Xenophanes, who lived about six hundred years before Christ, and was the founder of the Eleatic sect, was the first who taught that the world was eternal in form as well as in matter. His opinion was upheld by many who followed him, as by Parmenides, Zeno, Stilpo, &c. ; it was revived with some modifications by Spinosa, and was, in some shape or other, a favorite theory with persons professing to be atheists, or who have held that God and the material universe are one and the same. It evinces such profound ignorance of the ordinary laws that govern nature, and involves so many absurdities, that it is not worth examination.

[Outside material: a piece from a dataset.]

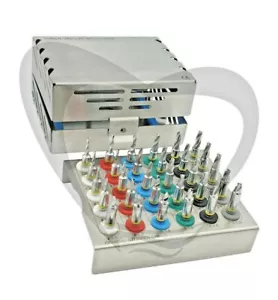 30 PCs Dental Implant Conical Stopper Kit, accurate depth control - Picture 1 of 4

The next class of the pagan philosophers were those who held that, although the world in its present shape had a beginning, still the matter of which it is composed existed from eternity; their principle being, that out of nothing nothing could be produced. These may be divided into two classes, the first comprising those who endeavoured to account for the generation of the world, or its constitution in its present form, by mechanical principles only; that is, by the internal or inherent activity of matter; and the second, those who had recourse to an intelligent mind, or divine power, for the organization of the universe out of its chaotic materials. The Stoics, Pythagoreans, Platonists, and others, belonged to the second class, with, of course, various shades of difference among them; and one of the most remarkable of the doctrines held by the former class was the atomic system of the Epicureans. These supposed matter to consist, in its primitive state, of an infinite number of indivisible and impenetrable particles, called atoms, which were of different sizes and figures, and all endowed with motion, and which, as the result of this motion and diversity of shape, but by mere chance, came, in process of time, to form all things in the universe. This also has been a favorite theory, in one shape or other, with modern unbelievers; but its utter absurdity is palpable; and it was well observed long ago, that it is just as reasonable to suppose that a shower of letters from the moon should, on touching the earth, form themselves mechanically into the Iliad of Homer, as that a world, where the minutest detail evinces design, should all be the production of chance.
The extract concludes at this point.